The glowing orange ceiling beams begin to bend and crack

The cycles of American zeitgeist don't coincide neatly with the country's electoral seasons.  Conservatives were justifiably dismayed over the last fifty years at the way the countercultural impulse, in all its forms, from libertinism to abhorrence of American greatness to the dismantling of basics of human identity such as gender, to do-it-yourself "spirituality" to idealization of communal peasant life, continued its cultural usurpation even as periods of political relief, such as the elections of Nixon, Reagan and the Bushes, seemed to give them straws at which to grasp.

Of course, that impulse gave every appearance of having achieved its full entrenchment last November.  The previous midterm elections had provided such a hopeful sign of pushback, with the election of so many Tea Party-style Congresspeople, Governors and state legislators, which made the rebuke of it in 2012 - not just in the MEC's reelection, but in the defeats of the likes of Mia Love, Allen West, and Scott Brown - such a bitter pill to swallow.

The events of the past two weeks would seem to bolster the notion that November 2012 did not tell the whole story of our nation's cultural climate.  At the very least, the MEC mystique seems like an ancient phenomenon.  I've pointed out some of the abrupt shifts here, such as those of the New Yorker and ABC, but it now extends to Jon Stewart and even Charlie Rangel.

What the nation is realizing is that there is an end product to the worldview that spawned the Most Equal Comrade.  It's not an endlessly wonky, Cass Sunstein-style cycle of planning and implementation.  Nor is it the seemingly warm and nurturing Michelle Obama-style model of a family, wherein the impeccably healthy offspring are primarily the charge of the parents running the household where they live, but benignly guided by the whole global village, and in which the role of mom still incorporates the old-school virtues of bedtime stories and bandaged owies, but also offers a role model of power and personal sovereignty.
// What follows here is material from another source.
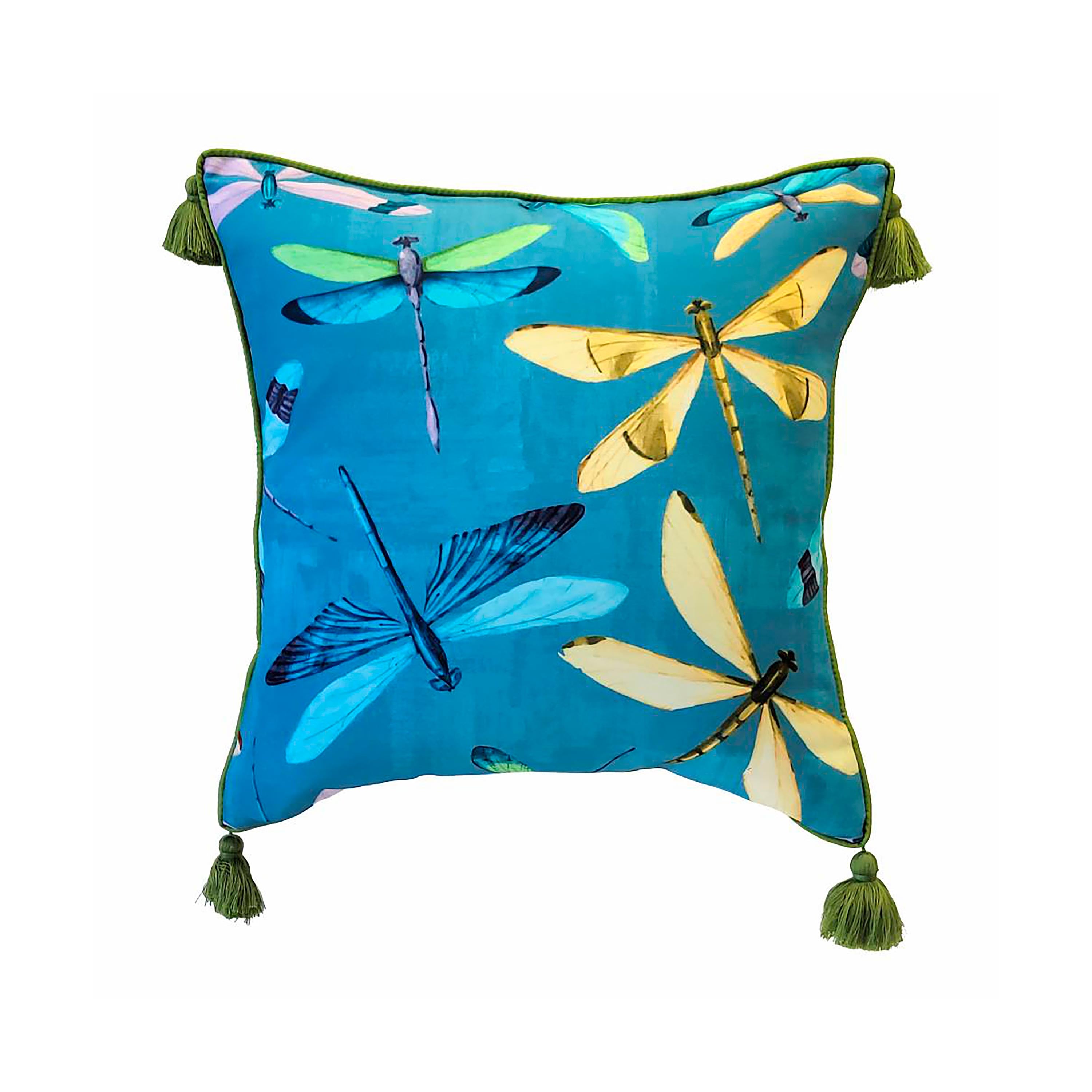 Teal and Green Throw Pillow Nature Themed Dragonfly Whimsical Art outlet Pillow Design Plants and Insects Indoor Outdoor 4 Sizes Av/8dable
No, that is but a middle stage.  What the collectivist impulse of necessity comes to is what we have now: a state that can not tolerate deviation from its official line, a society in which privacy and personal volition are mortal threats.

I suppose the drawing of parallels to Watergate can have some usefulness, but what appears to be shaping up is the fruition of the denial of nature that has informed all the ill-fated experiments in "common-good" societal organization.  Think about what is at the root of the EPA's agenda: perpetuating the myth of a troubled planet so as to convince people to accept downgraded living standards.  Think about why the IRS is so feared: brute force is implicit in its every dealing with every citizen.  Think about why a truly free press is intolerable to regimes such as the one to which we're yoked: It can expose the truly unseemly lengths to which the state might go to prevent people from considering the full range of perspectives on its activities.

This will play out organically.  The calls for impeachment don't bother me, but they're not necessary, at least not yet.  Developments will continue to unfold, at the brisk clip we've been seeing for the past few days.  Nothing will alter the new-found disgust and alarm on the part of those propagandists whose eyes have been opened.  Rather, that disgust and alarm will deepen.

Besides, it's not as if the course would have been dramatically reversed had the MEC lost in November 2012.  Mitt would have been clueless regarding how to deal with the continuing statist onslaught and the unabated cultural rot.  We'd have wound up here eventually anyway.

It's just what we have to go through, and there's nothing pretty about it.

The best we can hope for is that we won't get fooled again.